Or, apparemment pour des raisons exclusivement économiques, monsieur Alain Richard, ministre de la Défense, conteste cette décision, malgré l’avis de la commission confirmé en appel, et obtient auprès de la Cour de cassation que le classement de la situation du défunt soit désormais considéré « en permission », refusant ainsi tout versement de pension à son épouse et à ses enfants, avec remboursement des sommes déjà versées.

Ainsi préoccupé par l’évolution de la condition militaire et en lien étroit avec le Conseil supérieur de la fonction militaire, il décidera de s’exposer personnellement en tenant informé ma hiérarchie (il n’y avait alors pas d’autre choix possible) , et d’écrire par devoir et de manière sincère et désintéressée, au président de la République le 14 juillet 2001 :

« Lettre à Monsieur Jacques Chirac, Président de la République Française,

Je renouvelle devant vous, qui êtes le chef suprême des forces armées, mon engagement à servir avec fidélité, loyauté et dévouement mon pays dont vous êtes le plus haut représentant.

Il m’apparaît particulièrement important de porter à votre connaissance des éléments qui suscitent en moi, une profonde inquiétude pour l’avenir de la condition militaire.

Je constate la diminution des moyens alloués par l’Etat à la défense de la nation, dans un contexte socio-économique difficile, et j’ai également bien conscience de la nécessité d’adapter l’outil de défense aux évolutions stratégiques du monde.
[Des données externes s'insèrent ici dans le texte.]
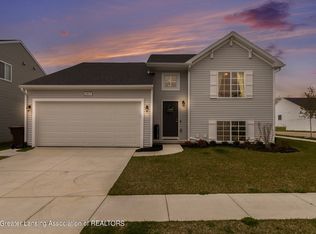 2817 Jordan River Dr, Fowlerville, MI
Cependant, je crois que les moyens ne sont rien, sans les femmes et les hommes qui les mettent en œuvre, et qui donnent parfois leur vie à la nation.
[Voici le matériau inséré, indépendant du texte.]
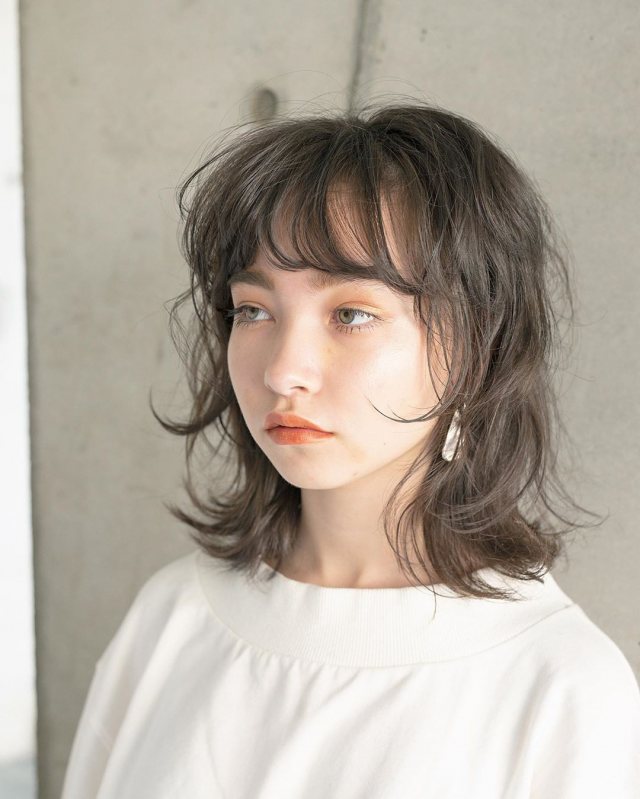 大人かわいいミディアムパーマウルフヘアスタイルにした女性の画像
J’ai été choqué d’apprendre que l’Etat, en remettant en cause la notion d’accident survenu en service, s’était volontairement attaqué à plusieurs reprises aux intérêts des familles de militaires, victimes d’accidents survenus alors qu’ils se trouvaient en mission à l’étranger.

Il m’apparaît clairement intolérable qu’une famille devant supporter pendant de longs mois l’absence du conjoint militaire, situation générant souvent de graves difficultés familiales, puisse moralement accepter que ce dernier soit considéré en permission lorsqu’un accident survient. Les économies budgétaires, réalisées par ces décisions de refus de reconnaissance du lien au service, m’apparaissent hors de proportion avec le désastre moral qu’elles engendrent.
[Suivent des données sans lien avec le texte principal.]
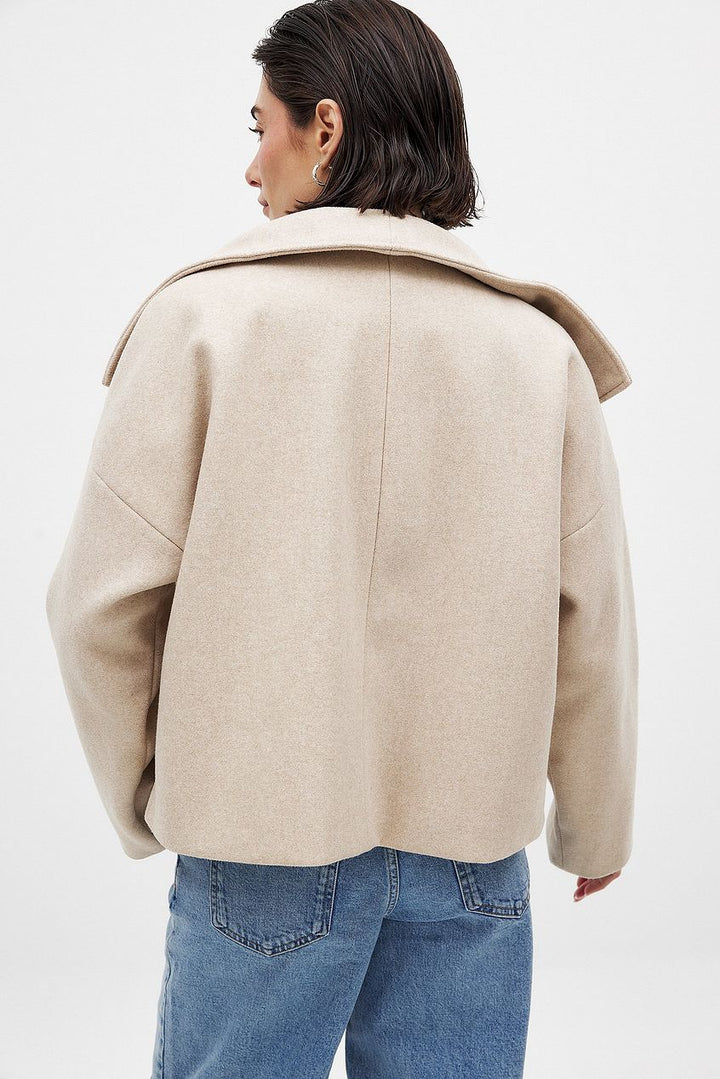 Malgorzata | Women's Cropped Trench Coat | Wide Lapel Double-Breasted Oversized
Le Conseil Supérieur de la Fonction Militaire s’en est ému et s’est élevé à plusieurs reprises contre ces décisions. Toutefois, son rôle consultatif se limite à émettre des avis.

Je regrette de constater que les vertus d’obéissance et de dévouement de la communauté militaire tendent à la placer en marge de notre société, laquelle ne reconnaîtrait quasiment plus aujourd’hui que les groupes de pression sociale, organisés et revendicatifs. En compensation des sujétions reconnues à l’état militaire, la loi 72-662 du 13 juillet 1972, dans laquelle s’inscrit mon appel, fixe pourtant à la nation un devoir de reconnaissance vis à vis des hommes et des femmes qui se portent volontairement à son service.

Aussi, le refus de considérer imputable au service, les conséquences d’un accident survenu à un militaire en mission à l’étranger, m’apparaît un facteur de déséquilibre grandissant.

A l’heure de la professionnalisation des armées, je crois fondamental de maintenir la confiance en nos chefs, pour veiller aux intérêts des familles de militaires et à la prise en compte de leurs spécificités, dont vous êtes le garant.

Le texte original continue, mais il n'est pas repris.